Many of the websites that provide explanations of prison lingo claim to be helping the wives and girl friends of prisoners understand what their men are saying. There is another group of people who might find a guide to prison lingo useful - people about to enter prison. For them, the Prison Reform Trust in collaboration with the Prison Service provides a book called the Prisoners’ Information Book. On the cover, there is a quotation from a prisoner at HMP Wandsworth. He says: ‘Arriving at prison can be a bewildering and stressful experience. This handbook is like having a friend to guide you through the first steps inside.’ The Prisoners’ Information Book aims to help men arriving at prison. It has got 159 pages of information, and it covers Arrival, Appeals, Sentences, Family, Prison Life, Health, Rules, and so on. However, it does not have a section on prison lingo, and it would be a good to start to write such a section up. (The glossary at the end of this article represents a beginning.) Prison lingo has been said to be ‘charged with cynicism, suspicion, gloom and coercion’ (Morgan, qtd by Tupper), and that seems true enough; however, the prisoners at HMP Winchester did not take a negative view of their language. As the prisoners offered their words for a beginner’s glossary, there was a great deal of laughing and joking with amusing disputations about the meanings of words. ‘Nosh’ appeared to mean more than one thing, and the link between the meanings revealed a dark humour. The name ‘bomb squad’ given to the prisoners set to clean an area into which excrement has been thrown pokes as much fun at the police force’s elite as it does at prison inmates.

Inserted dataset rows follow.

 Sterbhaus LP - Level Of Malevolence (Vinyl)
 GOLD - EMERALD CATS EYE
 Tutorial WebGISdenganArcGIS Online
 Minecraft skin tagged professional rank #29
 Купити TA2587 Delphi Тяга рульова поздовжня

Vernon Tupper and Richard Wortley, who have made a study of the matter, argue that the reasons that prisoners use prison lingo are release, emotion, the need to express violence without being violent, teasing, and joking. (Tupper) HMP Winchester prisoners only went so far with this explanation, and they were even less satisfied with another of Tupper and Wortley’s explanations. The experts say that a prisoner needs to learn prison lingo in order to survive in the violent world of the prison in order that not to expose himself as new to it or aloof from it. (Tupper) HMP Winchester prisoners said that it was not particularly important to learn prison lingo.

One of them added, ‘It’s easy enough to learn; you soon pick it up.’ HMP Winchester, it was agreed, is not a violent prison. The prisoners said that they are not frightened of bullying, there are no gangs and there is no routine intimidation. That reflects the kind of prison that it is, largely remand, and with no Category A prisoners - ‘prisoners whose escape would be highly dangerous to the public or the police or the security of the state.’ (PAS) It might be more important to become more fluent in prison lingo in a more dangerous prison.

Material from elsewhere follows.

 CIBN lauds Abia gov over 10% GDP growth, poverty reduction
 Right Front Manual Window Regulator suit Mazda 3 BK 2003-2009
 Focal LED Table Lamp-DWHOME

Prison lingo is said to have particular areas of high verbal activity. Tupper and Wortley (quoting Clemmer) list: sex, body parts, descriptions of others, alcohol, drugs, and prison related uses. Ellis lists ‘sexual practices, contraband and crime, and institutional processes’. The HMP Winchester glossary, as so far collected, does and does not bear this line of argument out. Certainly there are word clusters. Five words came up for paedophile. There is a clutch of words relating to beating up and or restraining a prisoner. But only four terms relating to sexual activity were provided, and none relating to body parts. It is likely that the fact that the words were being collected in an open classroom with a stranger and two women officers present led to the prisoners not giving anything like a full list. Very few words, also, were provided in the areas of alcohol and drugs.

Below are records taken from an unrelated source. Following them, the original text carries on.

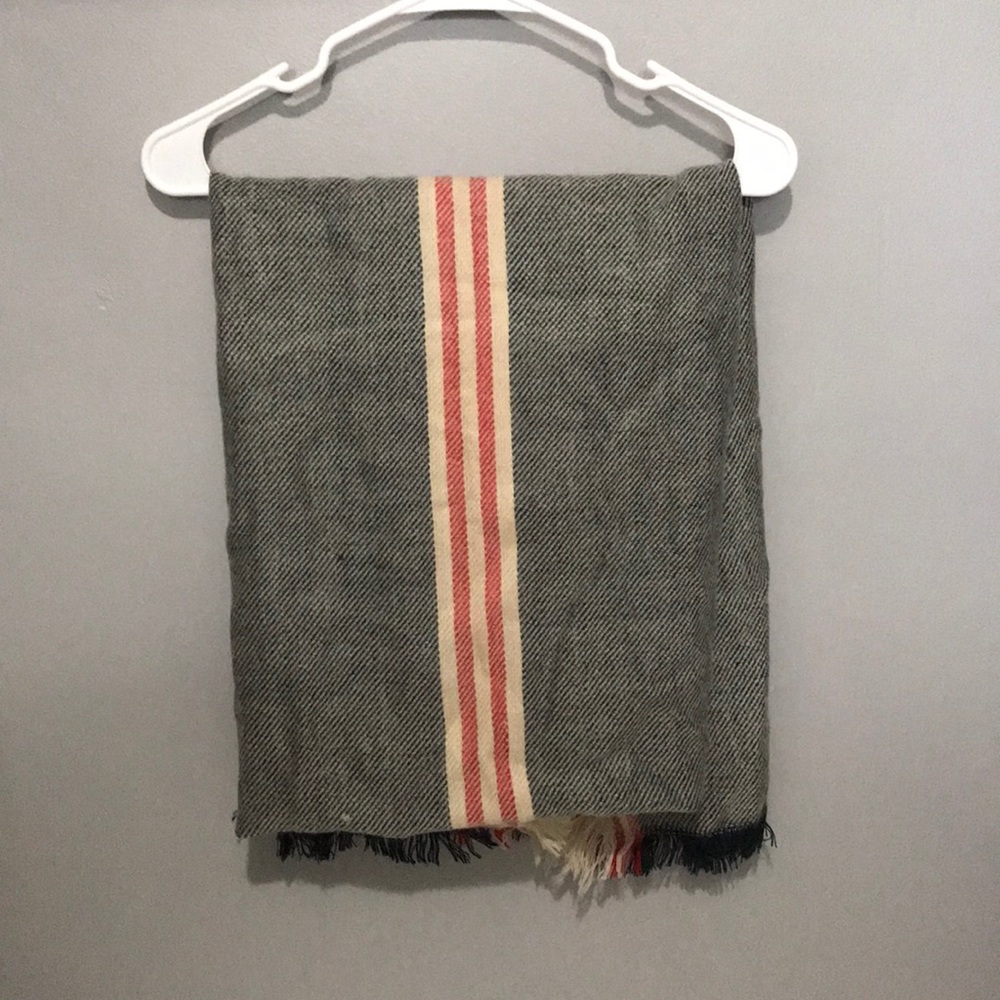 Oversized Scarf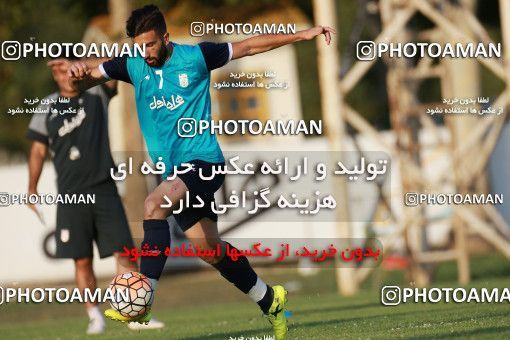 1265587, Tehran, , Iran U-21 National Football Team Training Session on 2018/07/09 at Iran National Football Center
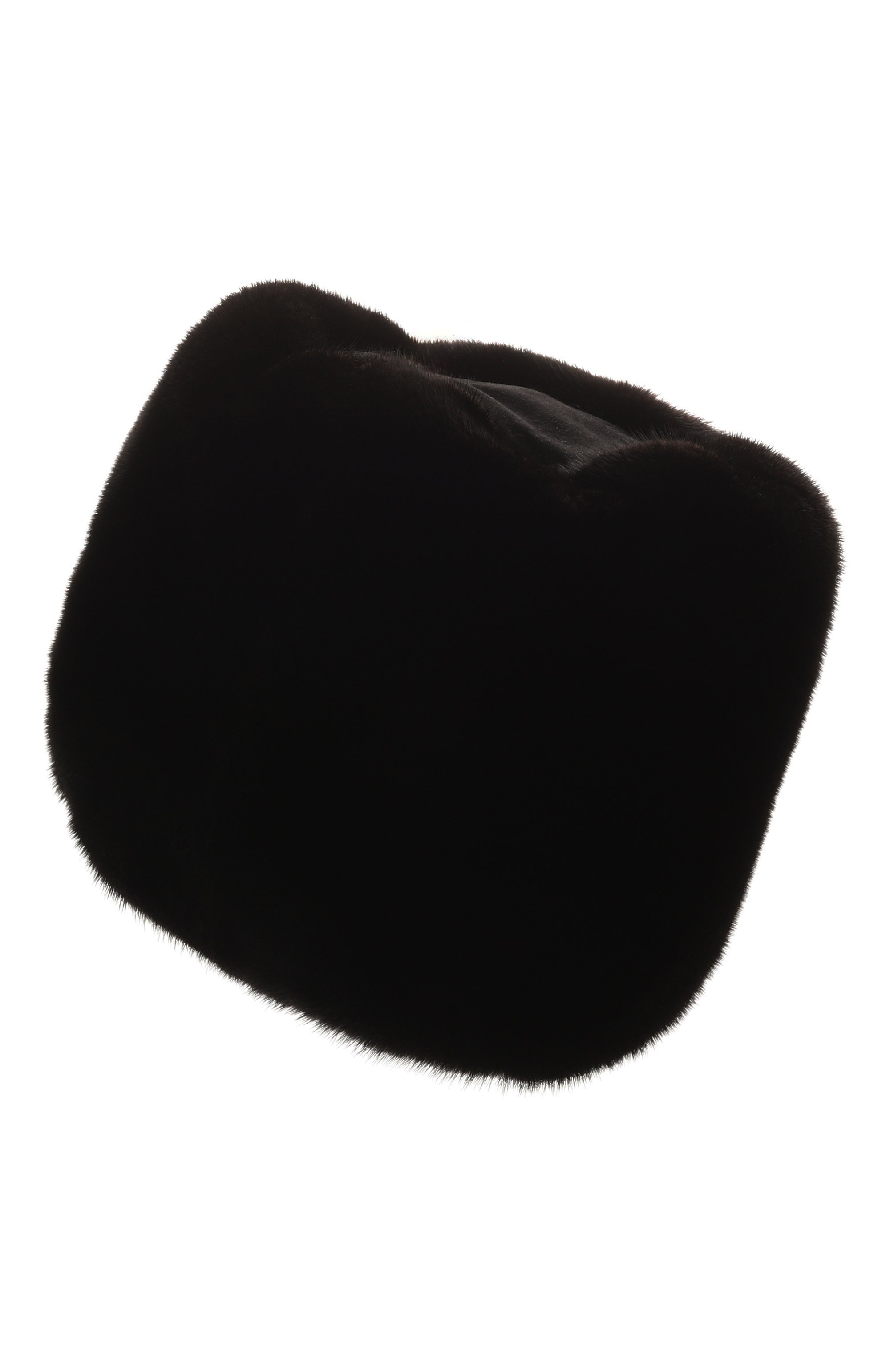 Меховая шапка мелания из норки FURLAND, арт. 0217402110182600585, фото 3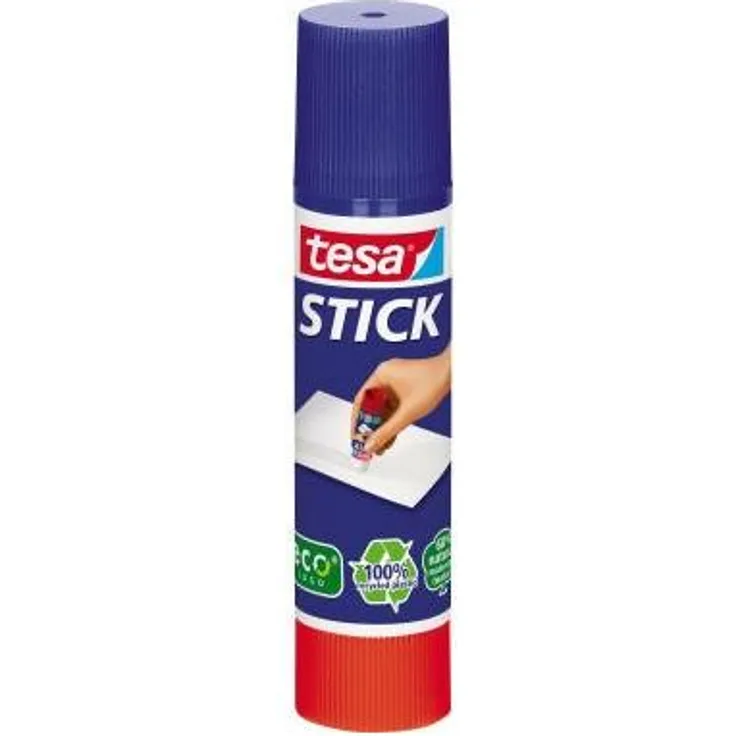 TESA Klebestift STICK ecoLogo 10g 57024-00200-01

Some conclusions can be drawn. Prison slang is a linguistic resource, one valued by linguists. One of them gives the following reasons for doing so: historical research, sociological analysis, and criminal psychology. (Tupper) At the same time, it is probably right to think that prisoners can gain something from being made aware that there are those in the outside world who take a keen interest in prison lingo. Being aware and proud of your own English is an aid to using appropriate English. And becoming aware of the English you are using is an aid to using English better.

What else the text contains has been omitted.